* _Requirement_: Your output should be everything below from the line containing "#SO2958 - Casa" down to the line containing "USED 2019 19", both ends included, copied exactly, with pictures left out.
Records for this task Block Start
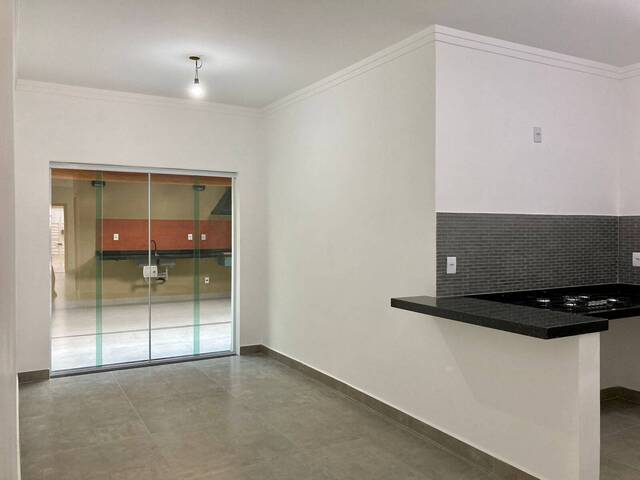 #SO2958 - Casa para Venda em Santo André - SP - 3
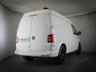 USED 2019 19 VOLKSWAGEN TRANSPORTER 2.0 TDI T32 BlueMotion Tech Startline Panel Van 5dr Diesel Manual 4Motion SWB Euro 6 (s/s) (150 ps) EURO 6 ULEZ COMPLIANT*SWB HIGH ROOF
Records for this task Block End
Records for this task Block Start
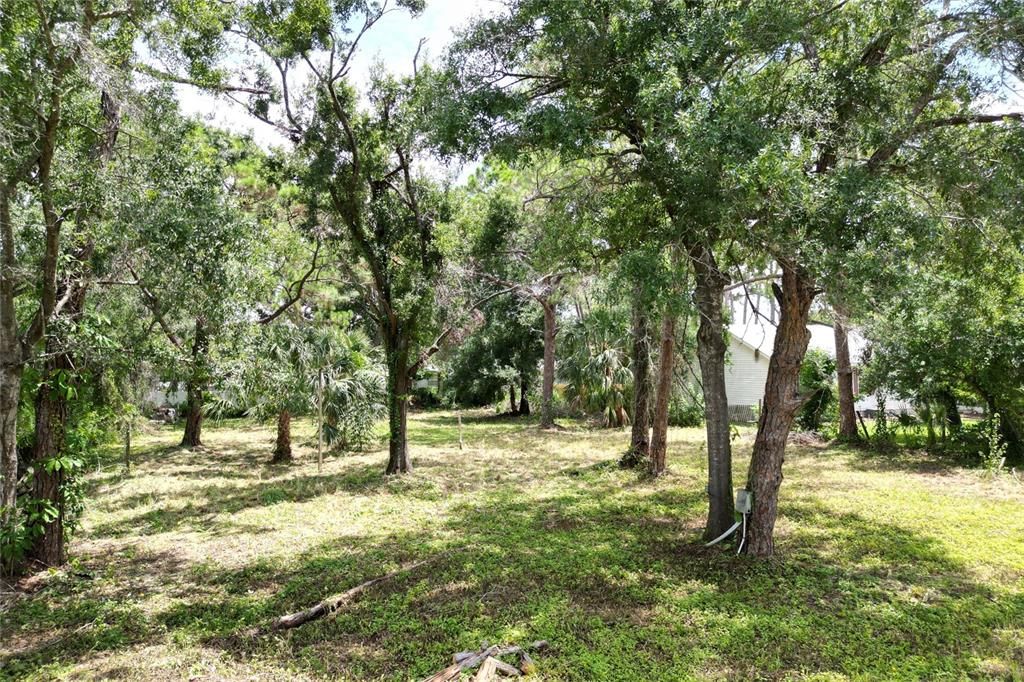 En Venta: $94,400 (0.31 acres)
Records for this task Block End
* _Solution for this task_:
 #SO2958 - Casa para Venda em Santo André - SP - 3
 USED 2019 19 VOLKSWAGEN TRANSPORTER 2.0 TDI T32 BlueMotion Tech Startline Panel Van 5dr Diesel Manual 4Motion SWB Euro 6 (s/s) (150 ps) EURO 6 ULEZ COMPLIANT*SWB HIGH ROOF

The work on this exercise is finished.